Zürcher Staatsanwältin fordert Freiheitsstrafe für Bauunternehmer
Ein Bauunternehmer soll Arbeiter aus Ungarn und Moldawien mit falschen Versprechungen in die Schweiz gelockt haben: Die Zürcher Staatsanwaltschaft will ihn nun wegen Menschenhandels für acht Jahre und vier Monate im Gefängnis sehen.
Mit seinen Jobangeboten in den beiden von Arbeitslosigkeit geplagten Ländern habe der 42-Jährige „eine Angelrute mit einem sehr dicken Wurm als Köder in einen Teich voller hungriger Fische geworfen“, hielt die Staatsanwältin am Mittwoch in ihrem Plädoyer vor dem Bezirksgericht Zürich fest.
Doch von diesem Wurm – all den Versprechungen von hohen Löhnen, von Vorschüssen, von Benzingeld und einer Unterkunft – blieb am Ende nicht viel übrig. Angekommen in der Schweiz behandelte der Unternehmer seine Mitarbeiter laut der Staatsanwältin wie Menschen zweiter oder dritte Klasse. „Für ihn waren sie Spielfiguren, die er nach seinem Willen einsetzen konnte.“
Muckte einer von ihnen wegen fehlender Lohnzahlung, den 70-Stunden-Wochen oder der überfüllten, verschimmelten Altbauwohnung auf, soll der Unternehmer die Männer mit einem Elektroschocker, der Polizei oder der Kündigung gedroht haben. Ein fairer Chef wollte der Schweizer dabei gar nicht sein, wie die Staatsanwältin anmerkte. Er habe sich vielmehr damit gebrüstet, dass ihn die Arbeiter als Teufel bezeichnet hätten.

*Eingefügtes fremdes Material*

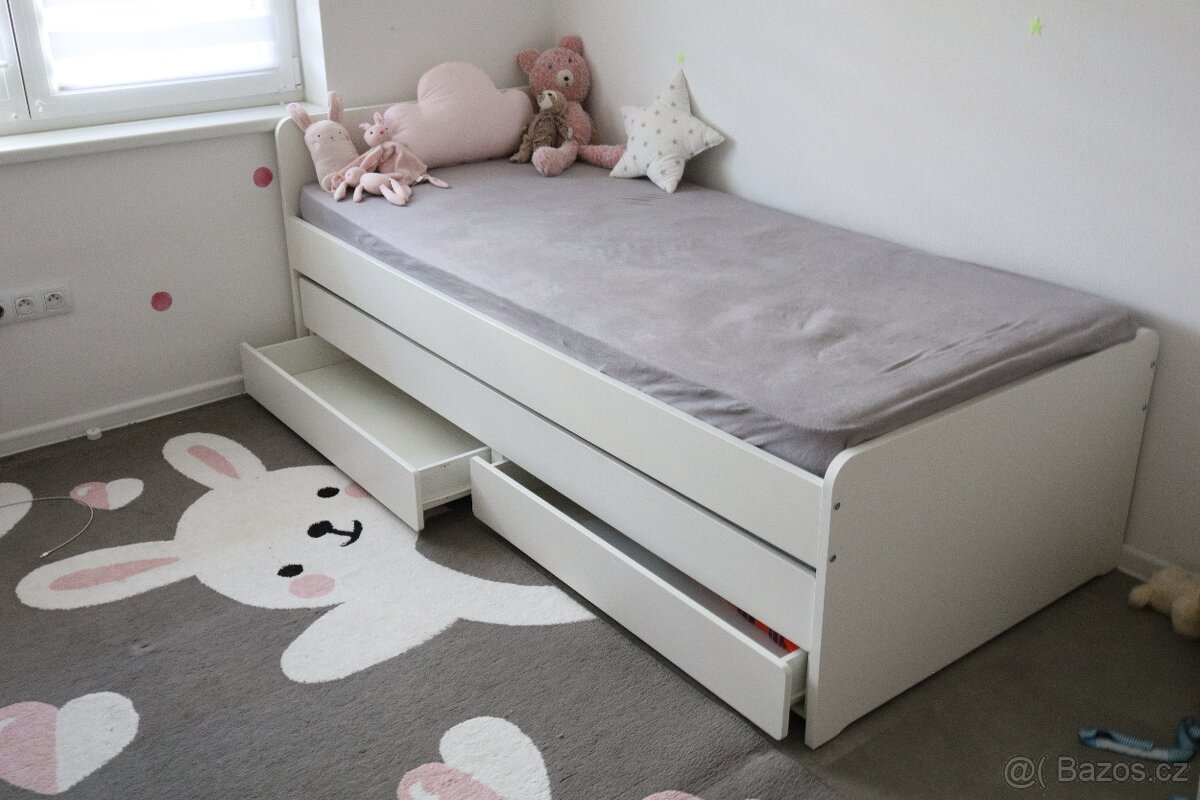 Rozkládací postel IKEA SLÄKT na 2x 90x200 + matrace,chrániče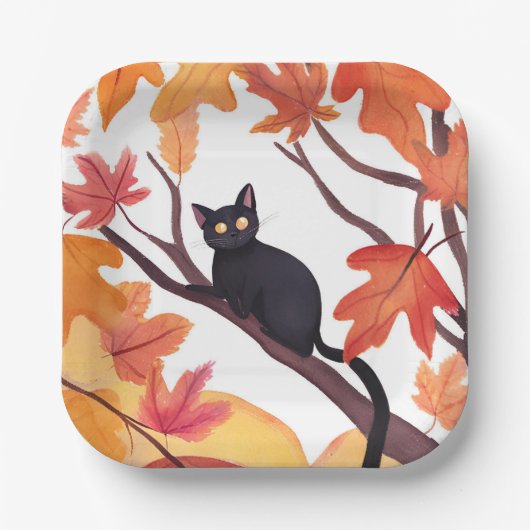 Schwarze Katze Halloween Herbst Pappteller (Vorderseite)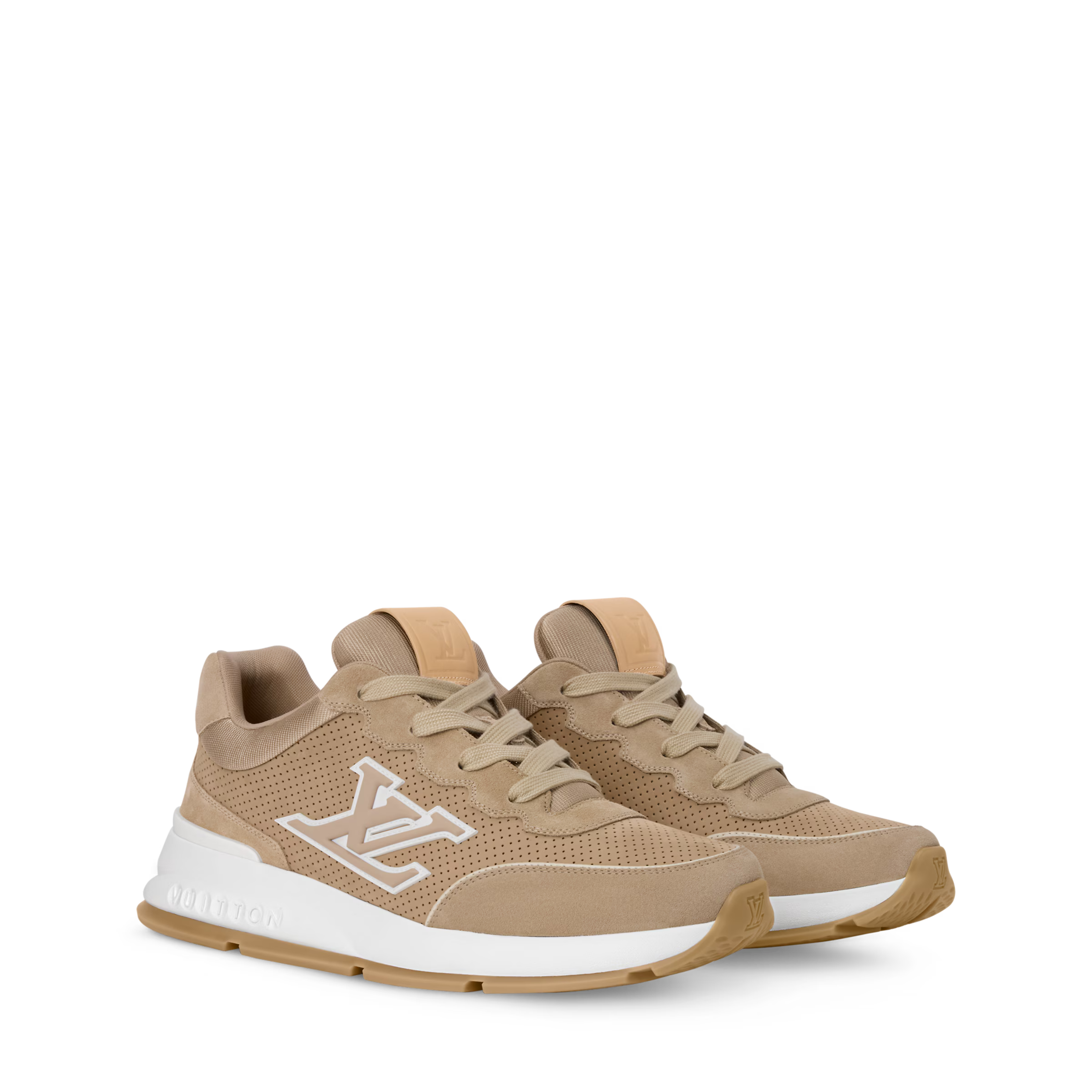 Beige lace-up low-top sneakers with LV monogram and white sole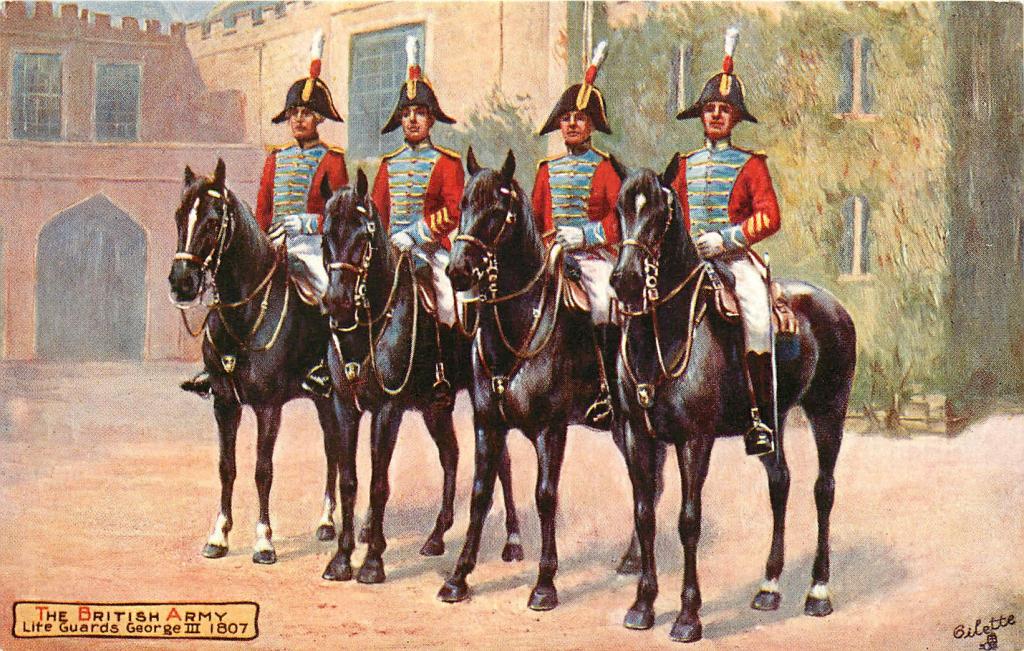 Illustration of four men on horseback. Each man is dressed military uniform. 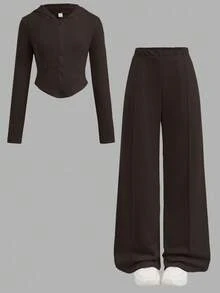 SHEIN 青少年女孩 2件組純色棕色抽繩連帽上衣與寬腿長褲套裝，休閒風格，適合春季/秋季日常穿著 - 棕色 - 查看 2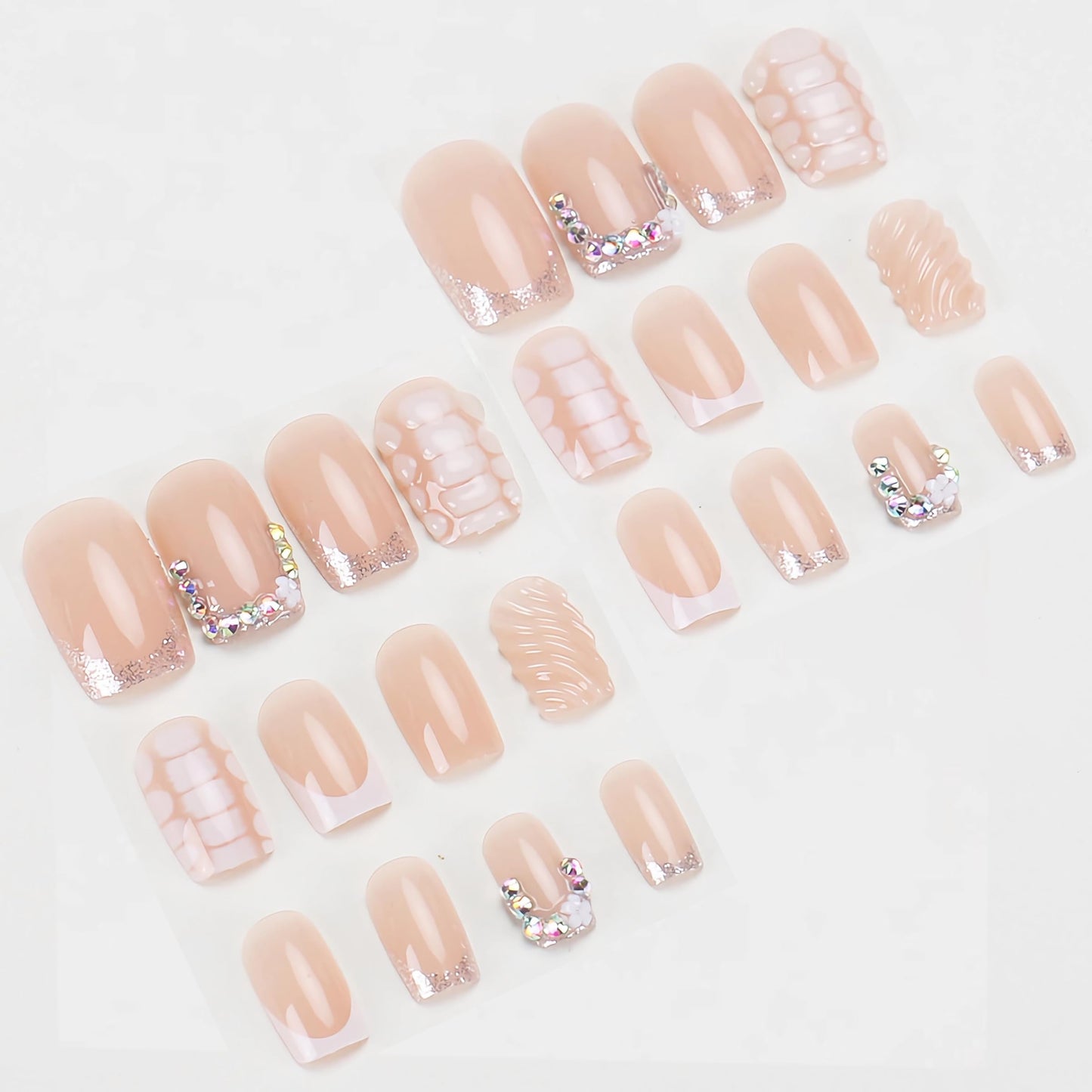 BABALAL Acrylic Press on Nails Short Square Fake Nails with Glue White French Tip 3D Texture Handmade Design False Nails Supplies with Charm Bling Press-ons 24Pcs Squoval for Women Girls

Die Anklageschrift listet akribisch 23 Fälle auf: Der beschuldigte Unternehmer soll zwischen 2012 und 2016 zu verschiedenen Zeitpunkten sieben ungarische und 16 moldawische Trockenbauer ohne schriftliche Arbeitsverträge beschäftigt und ausgebeutet haben.
Statt des in Aussicht gestellten Lohnes soll er ihnen nur einige tiefe Pauschalbeträge ohne Überzeit, Spesen und Ferien ausbezahlt haben. Die Arbeiter kamen gemäss Anklageschrift auf Stundenlöhne, die zwischen 80 Rappen und 9 Franken lagen – sofern sie denn überhaupt Löhne erhielten.
Der Beschuldigte habe „eine betrügerische Walzenfahrt durch mehrere Kantone und quer durch die Sozialversicherungen“ unternommen, meinte die Staatsanwältin. Steuern und Abgaben habe der Mann nicht gezahlt.
Am Geld für GAV-konforme Löhne und Steuern hätte es ihm gemäss Staatsanwältin dabei durchaus nicht gefehlt: Indem er Gipserarbeiten zu tief offerierte, zog er zahlreiche prestigeträchtige Bauaufträge an Land und erhielt grosse Akonto-Zahlungen auf das Firmenkonto.
Doch dieses Geld sei im undurchsichtigen Firmengeflecht des einschlägig vorbestraften 42-Jährigen verschwunden, der die Geschäftskonten „wie ein grosses Portemonnaie“ für sich benutzt habe, sagte die Staatsanwältin.
Über 600’000 Franken soll der Mann aus seinen diversen Firmen, die er immer wieder gründete und in Konkurs gehen liess, für sich bezogen haben, um damit beispielsweise ein Haus zu mieten, in die Ferien zu reisen oder einen Ferrari zu kaufen. Die Staatsanwältin warf dem Unternehmer deshalb – neben zahlreichen weiteren Delikten – auch ungetreue Geschäftsbesorgung und Misswirtschaft vor.
Der beschuldigte 42-Jährige, der von Februar 2017 bis Januar 2020 in Untersuchungshaft sass, äusserte sich an der ernstinstanzlichen Verhandlung nicht. Er blieb dem auf zwei Tage anberaumten Prozess mit Erlaubnis des Gerichts fern.
Sein Verteidiger wird sein Plädoyer am Donnerstag halten. Er kündigte aber bereits am Mittwoch an, Teilfreisprüche verlangen zu wollen – insbesondere den Vorwurf des Menschenhandels weise sein Mandant zurück. Der Zeitpunkt der Urteilseröffnung ist unbekannt.